This repository hosts code, prompts, and scripts for the generation, training, and evaluation in experiments of the paper "Highlighting Simplified Text" for the seminar "Media Accessibility" in HS2025 at UZH. The project explores both pipeline and end-to-end approaches for automatically simplifying text and adding typographic highlights (e.g., bolding keywords, headings) in German, using LoRA adapters on Gemma-2-9B-Instruct.
The goal of this project is to explore the automatic generation of highlighted simplified text for accessibility purposes, including target groups such as individuals with cognitive impairments or older adults.
Two approaches were implemented:
A two-step approach where a simplifier model first generates simplified text, followed by a highlighter model that annotates important elements (bold keywords, headings).
A single model that simultaneously simplifies text and adds Markdown highlights.

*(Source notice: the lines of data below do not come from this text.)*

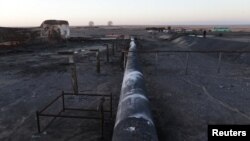 Pipa yang hancur terlihat di pelabuhan minyak Ras Lanuf, Libya, 11 Januari 2017.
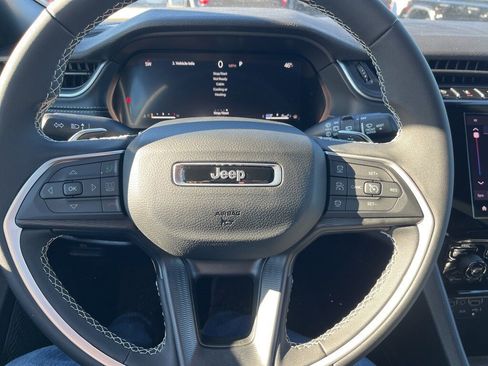 New 2025 Jeep Grand Cherokee L Laredo image 22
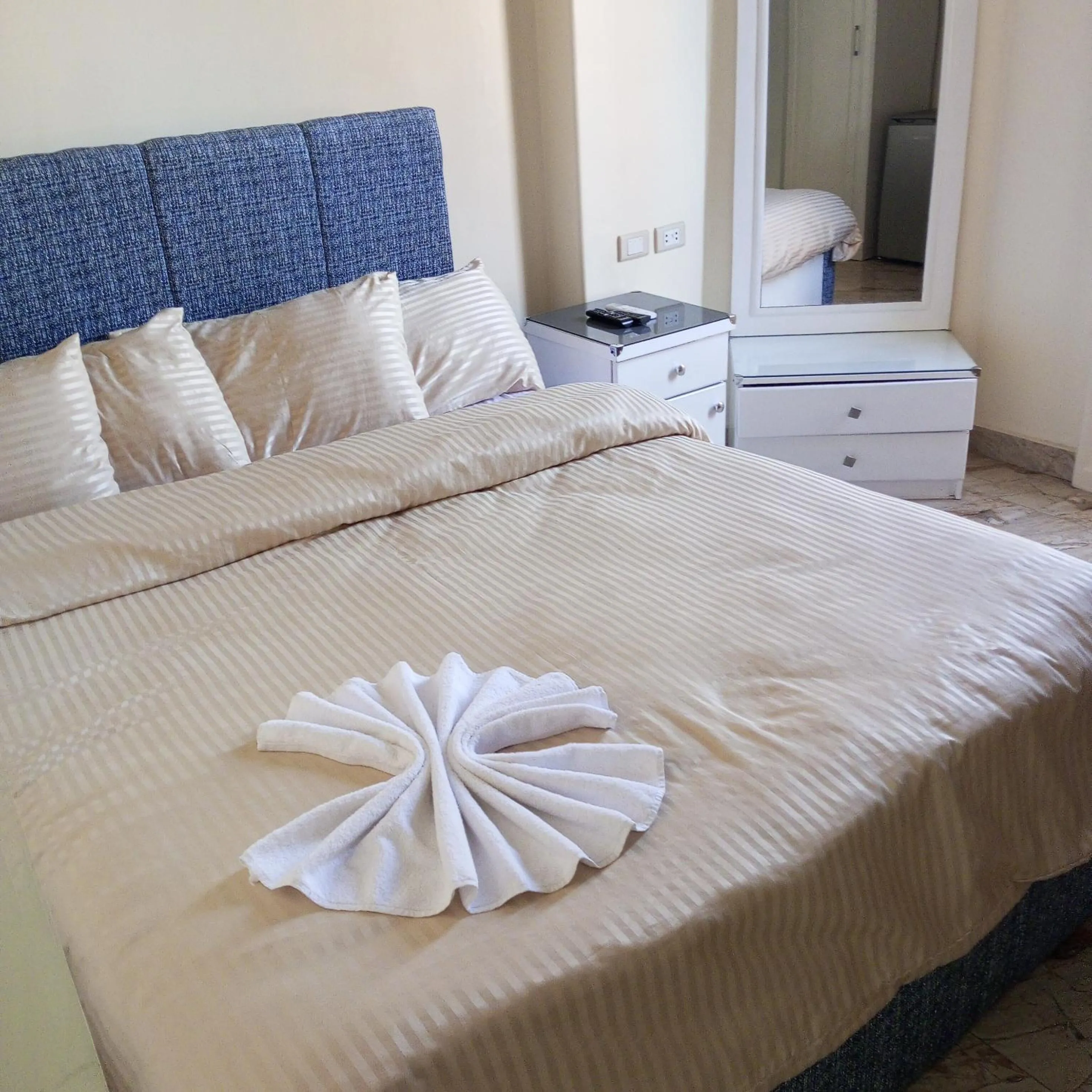 Deluxe Double Room - single occupancy in New Panorama Palace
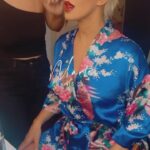 Miriam Lanzoni Instagram - Siempre, en mi trabajo, rodajes, fotos, teatro, en mi vida diaria…. Están ahí Los elijo porque son la línea más completa en make up, pensado para cada estilo, para cada situación. Dato extra: el shine que tienen para el cuerpo es otro level… @idi_make_up_oficial @susanamilanook
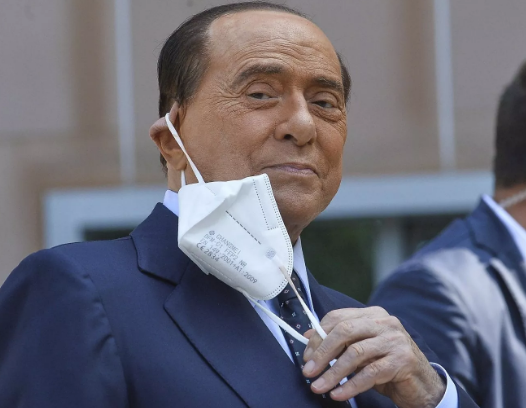 Tutti vogliono Berlusconi: Pd e M5S pronti a tendere la mano al vecchio nemico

Both approaches are trained on a synthetic dataset created from the SimpleGerman V2.0 corpus using LLM-based preprocessing.
Source: SimpleGerman V2.0 by Battisti et al. (2020). (subset extracted for texts with typographic annotations).
### Synthetic dataset
Generated using Leo-mistral-hessian-ai-7b-chat (https://huggingface.co/LeoLM/leo-mistral-hessianai-7b-chat) for highlighted simplified texts.
Contains triplets of (original text, simplified text, highlighted simplified text).
End-to-end training: 250 synthetic examples.
Pipeline training:
-
Simplifier: original → simplified text
-
Highlighter: simplified → highlighted simplified text
Note: The synthetic dataset is designed to overcome limitations of the original annotations and small dataset size.
Base model: Gemma-2-9B-Instruct (https://huggingface.co/google/gemma-2-9b-it)
Parameter-efficient fine-tuning: LoRA adapters
Training setup:
- Learning rate: 1e-4
- Epochs: 3
- Parameters updated: ~4.5M (~0.05% of 9B parameters)
Models included:
- simplifier (pipeline)
- highlighter (pipeline)
- end2end (simplification + highlighting)
Training scripts are provided for both pipeline and end-to-end approaches.
SARI: Simplification quality
FKGL: Readability
Markdown F1: Highlighting accuracy (headings + bold spans)
Models used: Gemma-2-9B-Instruct, Leo-mistral-hessian-ai-7b-chat, GPT-4.1 (https://platform.openai.com/docs/models/gpt-4)
Categories: Simplification, Highlighting, Combined
Provides relative comparison of model outputs
Note: Human evaluation by the target group is recommended for real-world applications.
This README was generated by GPT-5 mini.